Dans le cas du campus AgriCo à St-Aubin, il y a pour l’instant un acteur majeur, Micarna, qui s’engage avec son projet d’abattoir régional très contesté. Comment envisagez-vous ces contestations, dans un contexte toujours effervescent sur la consommation de viande?
C'est effectivement le principal investisseur et ça nous permet d'avoir une assise financière solide sur ce campus. Mais ce n'est pas le seul acteur, on a beaucoup de petites structures intéressantes, notamment de start-ups, qui viennent pour développer des produits nouveaux, ce qui est d’ailleurs un peu le but premier de cet AgriCo. Après, en Suisse, il faut se rendre compte qu’on a une consommation de viande de poulet qui explose, avec des infrastructures qui peuvent être améliorées par rapport aux attentes de protection animale ou de protection environnementale. Aujourd'hui, on sait qu’on aura besoin de poulets sur le long terme: on importe énormément, les restaurants n'arrivent même pas à trouver du poulet suisse. Je comprends qu'on puisse avoir un combat idéologique contre la viande, mais néanmoins, ça répond à un besoin indéniable, et notamment, ça permettra d'avoir des installations qui sont plus respectueuses de la santé animale, de la protection animale et de l'environnement. Comparé à l’abattoir de Courtepin, on aura aussi une diminution de la consommation d'énergie comme de la consommation d'eau.
Soyons clair: à St-Aubin, faut-il nécessairement que cet abattoir soit construit pour que le campus se fasse?
Le site va se développer avec ou sans l’abattoir… mais je vous le dis, ce sera avec! J’ajoute aussi que ce campus n'a pas d'obligation à se développer dans les deux ans qui suivent. On sait que les terrains industriels et à construire seront une denrée rare dans le futur, alors gardons-nous aussi du terrain pour les bonnes opportunités qui se présenteront ultérieurement. Il faut mettre en place une dynamique positive, avec des secteurs à plus-value, et des entreprises solides qui permettront d'améliorer la qualité de vie et de diminuer le nombre de pendulaires dans la région.
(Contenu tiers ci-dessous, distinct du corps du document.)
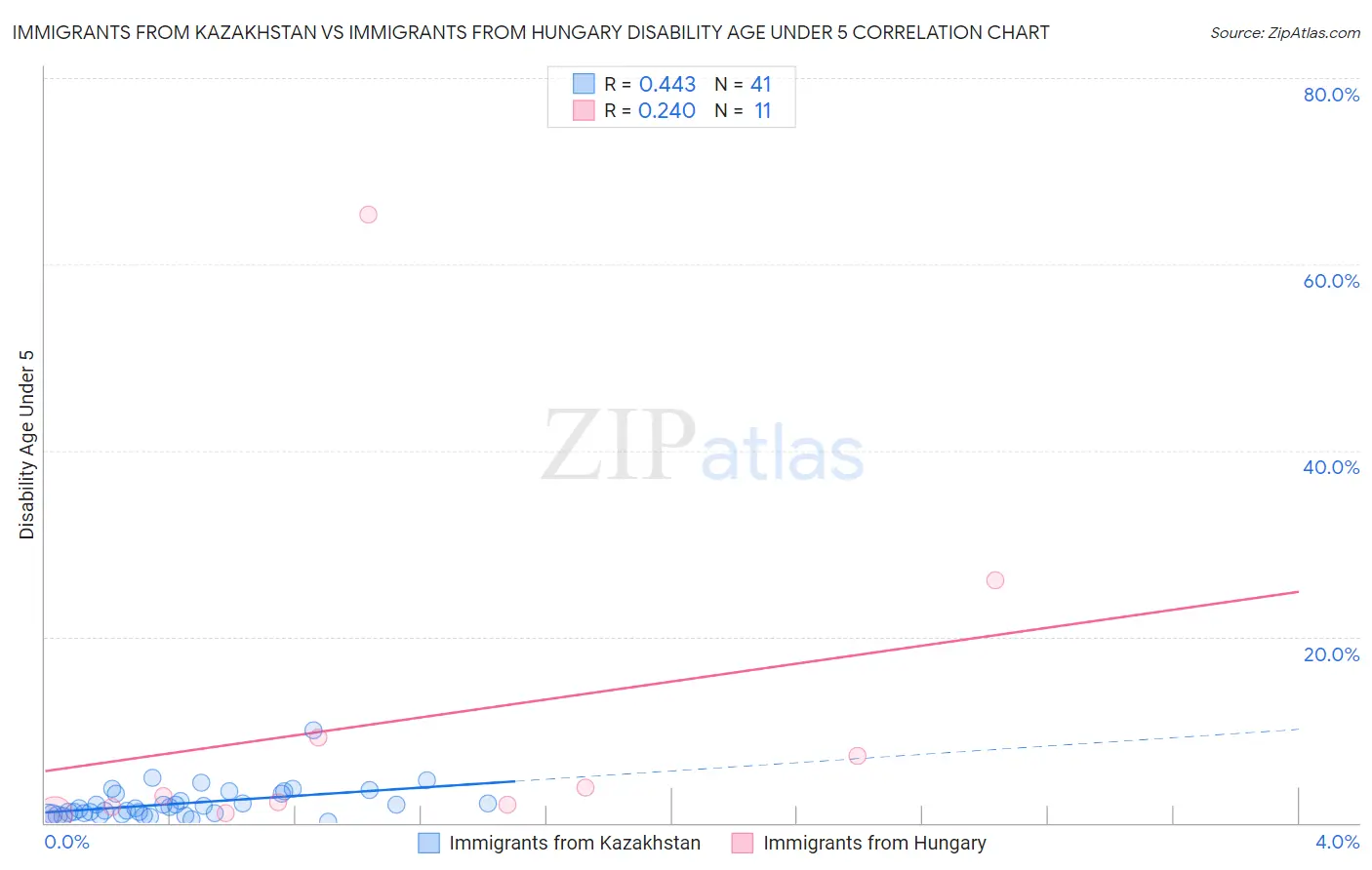 Immigrants from Kazakhstan vs Immigrants from Hungary Disability Age Under 5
Enfin, si, avec cet entretien, nous avons suscité un début d’intérêt pour des familles, des étudiants, voire des professionnels, comment faire pour en suivre l’avancement? Et quelles seront les prochaines étapes marquantes ou décisives?
Dans le programme gouvernemental fribourgeois, nous nous sommes engagés à établir un rapport annuel à destination du Grand Conseil et de la population. On aura évidemment un bilan de législature, et entre temps des étapes comme l'ouverture de l’Agroscope Posieux. On devrait aussi signer des accords avec la Liebefeld Kulturen AG qui souhaite construire à Grangeneuve son site de production et de développement de cultures fromagères traçantes, une nouvelle technologie qui permettrait de vérifier (pour ne citer qu’un exemple) que les mélanges pour fondues moitié-moitié sont bien effectivement constitués pour 50% de gruyère et 50% de vacherin fribourgeois. C'est tout le patrimoine des cultures fromagères suisses qui serait alors chez nous. Nous sommes aussi positionnés comme le champion suisse des AOP, avec six produits dans le canton. Je dis souvent que les traditions d'aujourd'hui sont les meilleures innovations d'hier, et que les meilleures innovations d'aujourd'hui seront les traditions de demain. On a une société qui évolue très vite, on doit évoluer avec cette société, avec ses attentes. Et toute notre stratégie agroalimentaire s’y inscrit de façon capitale.